Fortsetzung im Rechtsstreit zwischen ARD und DESG
Der Rechtsstreit zwischen der ARD und der Deutschen Eisschnelllauf- und Shorttrack-Gemeinschaft (DESG) geht auch nach dem Urteil des Landgerichts Hamburg weiter. Wie der von der DESG beauftragte Rechtsanwalt Norman Buse dem SID bestätigte, legt der Verband, dessen Unterlassungsansprüche in vier von fünf Punkten abgewiesen worden waren, Beschwerde ein. Zudem, so teilte Buse mit, gebe es "ein weiteres einstweiliges Verfügungsverfahren gegen den WDR, RBB und die Journalisten Seppelt und Mebus derzeit am Landgericht Hamburg".
"Ich kann bestätigen, dass es ein zweites Verfahren gibt. Darin meint die DESG, eine von uns transportierte Aussage des ehemaligen Bundestrainers Peter Mueller angreifen zu müssen", sagte Hajo Seppelt, der seinerseits mit der ARD ein Verfahren gegen Große angestrengt hat.

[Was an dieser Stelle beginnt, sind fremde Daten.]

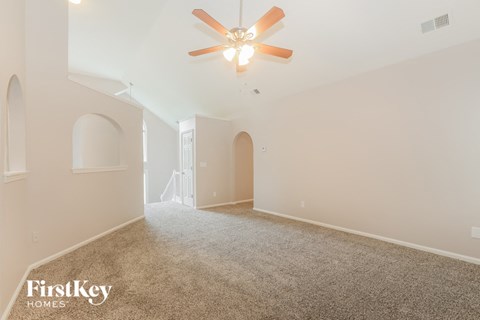 a spacious living room with carpet and a ceiling fan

In dem Fall geht es nach SID-Informationen um eine Aussage, die DESG-Präsident Matthias Große wortgleich auf mehreren Social-Media-Kanälen und auf der offiziellen Verbandswebseite veröffentlicht hat. "Unsere Olympiastarterinnen und Olympiastarter fühlten sich speziell von Herrn Seppelt während der Olympischen Spiele regelrecht 'gestalkt', da er ihnen an der Eisfläche auflauerte und sie mit Fragen nervte. Journalistisches Fingerspitzengefühl? Mediale Sorgfaltspflicht? Nichts davon war zu spüren bei Herrn Seppelt, dessen Gier nach der großen Geschichte ihn antrieb."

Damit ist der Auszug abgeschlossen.